Marx understood work as a social activity, and that it was the social relationships that people enter into as they acquire and use the means of production, that shape history.

The tensions produced by any particular mode of production would lead naturally – depends on whether you think of revolution as natural – to another mode of production. So for Marx it went from feudalism, to capitalism, to communism.

Look at our world today.

Are we in the midst of an international revolution?

A case could be made that a revolution is underway and people are getting hurt emotionally and financially because of it.  Like most revolutions, things will be radically different after it’s done, but unlike most revolutions there need not be bloodshed.

The means of production are now accessible to everyone.  Everyone can manufacture, market, produce and sell products and services.

And that’s no exaggeration.

All they need is the will to acquire and use knowledge. (And a computer with a high speed internet connection.)

Whether you like it or not, workers of the world are uniting, and they’re calling it globalization.  Read “the World is Flat” by Thomas Friedman, and “The four-hour Workweek” by Timothy Ferris.  The last book in particular may help you be a revolutionary rather than a casualty.

(2) “From each according to his ability, and to each according to his need.”

(Karl Marx)

Probably no statement chills the heart of the free market capitalist more than this one.

Who knows what one’s true ability is, and who decides what any single person needs?

A totalitarian system of government was the Soviet answer, and we know how that worked out.

No argument there.

But Marx’s words are being realized nevertheless.

Linux open source

Linux is done for free.
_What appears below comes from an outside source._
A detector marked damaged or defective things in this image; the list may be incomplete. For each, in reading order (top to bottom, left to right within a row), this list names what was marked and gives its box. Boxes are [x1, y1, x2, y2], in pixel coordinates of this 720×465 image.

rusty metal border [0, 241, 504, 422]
Capitalism? A new kind maybe.

There are open source software platforms where extremely talented people from all over the world collaborate and give of their time and knowledge to produce software platforms and applications that are shared for free with anyone that “needs” them.
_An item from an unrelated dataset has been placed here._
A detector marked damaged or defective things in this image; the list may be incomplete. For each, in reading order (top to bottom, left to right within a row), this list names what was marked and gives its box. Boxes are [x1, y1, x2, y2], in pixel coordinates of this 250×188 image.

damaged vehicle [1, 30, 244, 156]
There are free apps, and people are writing content and sharing information for free all over the internet.

Jimmy wales wikipedia

Almost no one gets paid at Wikipedia

Of course there are still economic engines driving a lot of this freeness, but not all; and you are increasingly seeing that people are producing value to be shared with anyone that “needs” them.

This phenomenon more than anything is what made me think that a new form of communism, NOT the totalitarian, central-controlled, religion-excluding, Soviet-style communism, but a kinder, gentler, sustainable and bourgeois-friendly communism is emerging.

Communism 2.0.

Something is happening to the way we collaborate and coordinate our actions at home and at work and it is occurring naturally – no bloody revolutions – in a distinctly “social” context.
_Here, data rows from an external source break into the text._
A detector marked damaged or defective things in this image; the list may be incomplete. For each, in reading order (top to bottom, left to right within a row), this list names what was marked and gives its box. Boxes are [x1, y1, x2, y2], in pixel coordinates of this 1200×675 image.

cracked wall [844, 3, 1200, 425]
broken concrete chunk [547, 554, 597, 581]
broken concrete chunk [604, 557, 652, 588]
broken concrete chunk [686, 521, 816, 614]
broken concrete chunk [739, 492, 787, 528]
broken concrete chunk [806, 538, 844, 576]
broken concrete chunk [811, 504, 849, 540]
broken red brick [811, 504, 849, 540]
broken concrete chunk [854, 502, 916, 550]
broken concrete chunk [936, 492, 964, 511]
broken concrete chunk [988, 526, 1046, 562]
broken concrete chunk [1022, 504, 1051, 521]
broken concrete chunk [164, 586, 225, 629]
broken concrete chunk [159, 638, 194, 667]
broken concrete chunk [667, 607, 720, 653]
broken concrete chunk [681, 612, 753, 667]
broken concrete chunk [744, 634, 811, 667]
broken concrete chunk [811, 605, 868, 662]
From the “sharing” of digital content that can now be produced by anyone without the need of major entertainment studios, to the sharing of renewable energy for the security of the free world and survival of our planet.

I don’t know what is coming next – how all this will play out – but I don’t think we can call it Capitalism.

People will no longer be driven to consume for consumption sake because the new system will be driven by genuine social and environmental concerns.

Profits will be alive and well for the foreseeable future but they will not be the sole driver of business behavior.

Perhaps Marx was just ahead of his time.

Technology along with a higher consciousness is allowing everyone to not only produce according to their own amazing abilities, but to also choose for themselves to give it away.

An Aside

If Communism 2.0 won’t catch on, what would you call it?   Capitalism 2.0?  Fine with me.  Thomas Friedman where are you when I need you? There’s another best seller here.